Tue Sep 2 01:35:27 CEST 2014

Hello everyone,

I have been researching "Concurrent local writes" and I read over the excellent exchanges in the April`09 archives.
http://lists.linbit.com/pipermail/drbd-user/2009-April/thread.html#11873

The message Morey Roof posted about not seeing the issue, and it got me thinking... I have only been seeing this problem in our test lab where the hardware between the two nodes is not equivalent.

Our test lab SAN is built primarily on older equipment we have lying around, so we have an older FC array backing the secondary node which is an older 2950 dell poweredge and the primary is an r710 dell with direct enterprise sata disks.

Our production SAS drive r720xd based SAN has no issues.  We are using blockio on both.  But it got me to wondering...
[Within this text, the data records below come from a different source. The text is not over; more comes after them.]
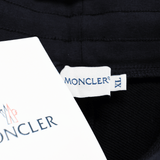 Moncler Shorts - Men's XL - Fashionably Yours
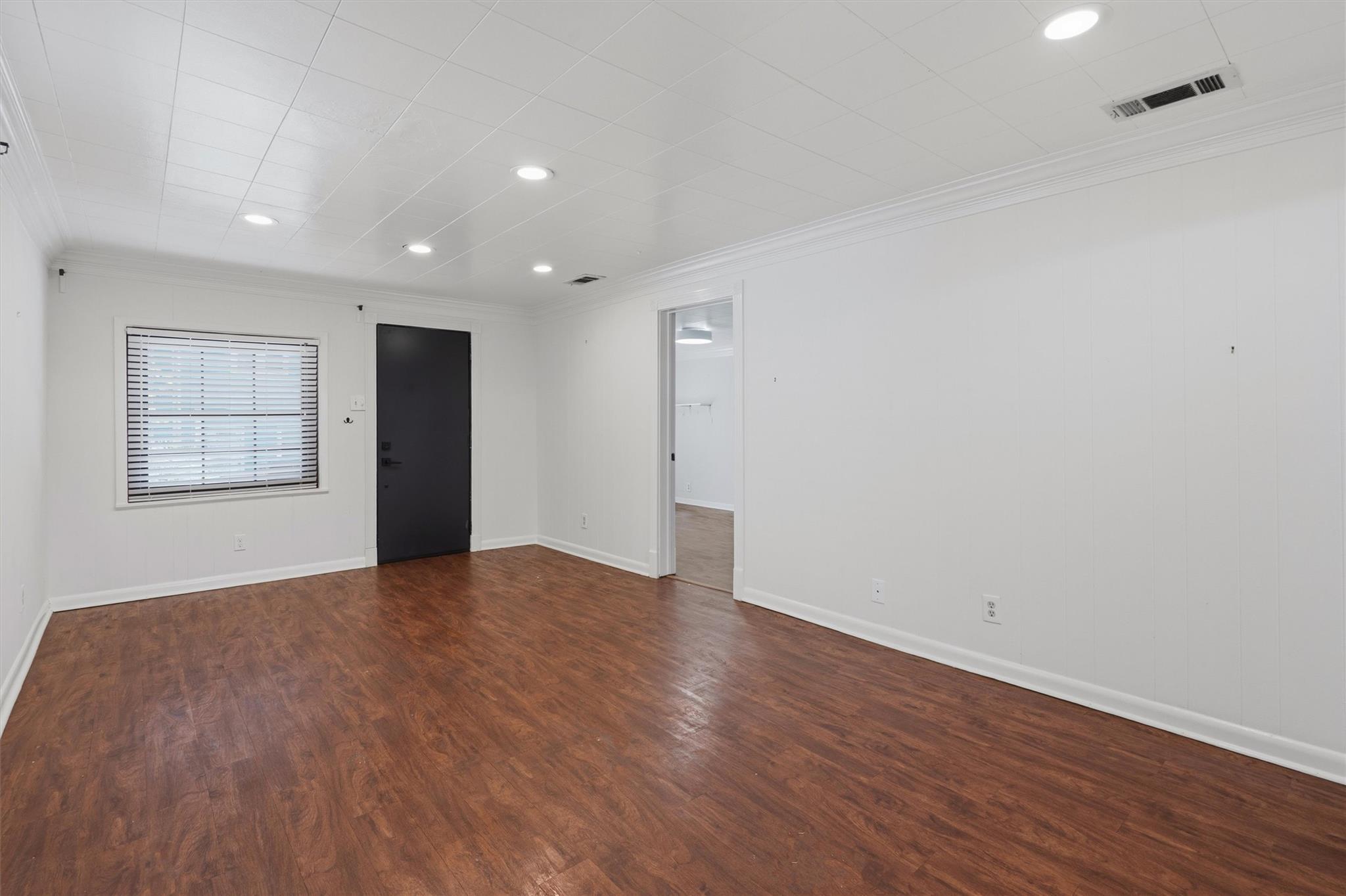 2204 Santa Rita St Property Photo 6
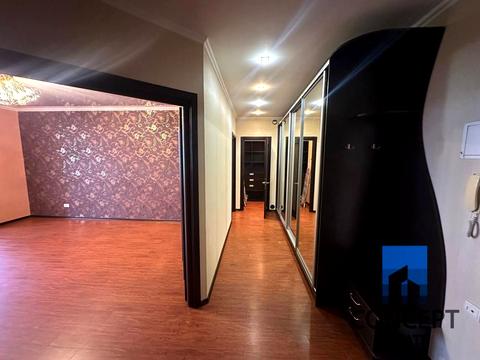 квартира за адресою Електрична вул., 30-А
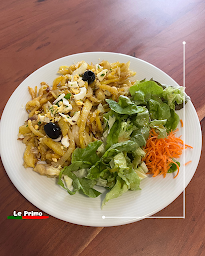 Photo n°29 de Le Primo à Carrières-sous-Poissy (Café)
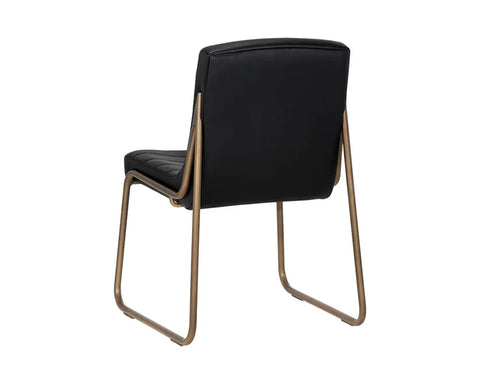 Anton - Dining Chair Sunpan (Set Of Two)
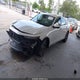 1HGCY2F88PA027550 2023 Honda Accord Hybrid Touring auction photo thumbnail 2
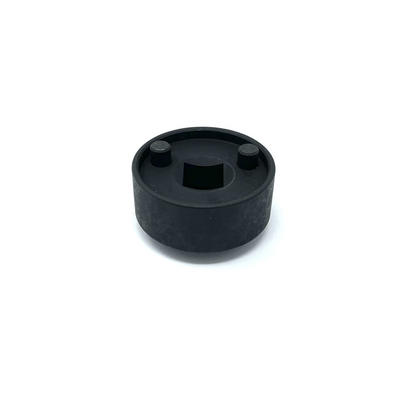 CTA Manufacturing Camshaft Adjuster - T10352/3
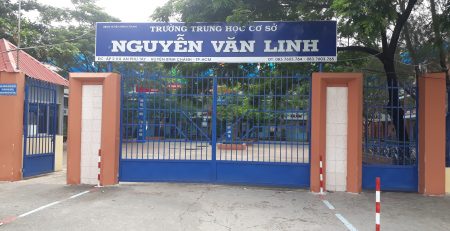 Trang chủ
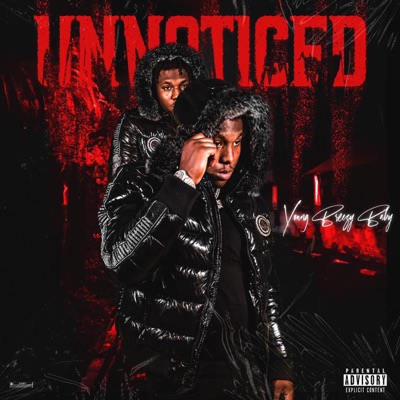 Unnoticed
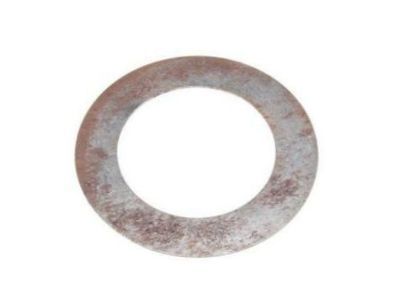 Chevy Pinion Washer - 14063590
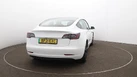 2021-tesla-model-3-e-standard-plus-small-55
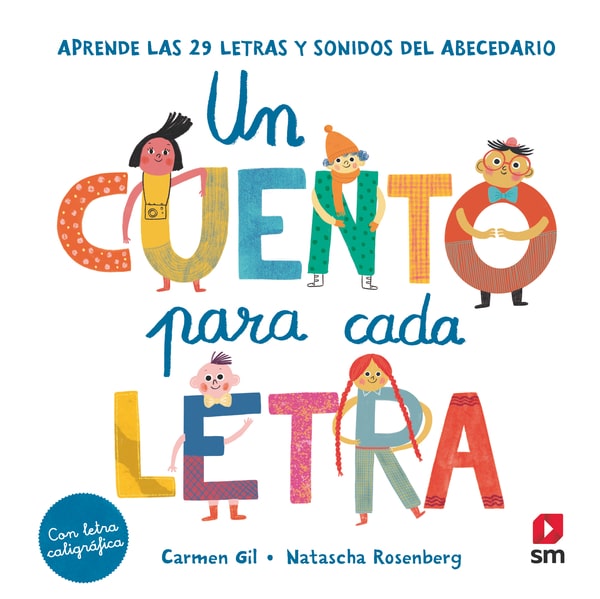 58 ideas de Español  lectura y escritura, enseñanza de las letras,  actividades de lectura preescolar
All the Concurrent local write messages were for the same sector and size...
  - When the first message is 'in flight', has the write acknowledge been sent up the stack yet?
  - Is it possible that ESXi's shared filesystem just retrying the same write (in which case it doesn't matter if the last write is dropped)?
  - Could this all just be a timing issue where the I/O is assumed by ESXi to be taking too long and being reissued (as if the packet was dropped on the network)?

When I get back to the lab, I will certainly try switching to fileio and doing some wireshark captures.

Thanks everyone.
With kind regards. -Peter

==================== 
Peter Brunnengräber
Sr. Engineer
BCC Global, Inc.
  pbrunnen at bccglobal.com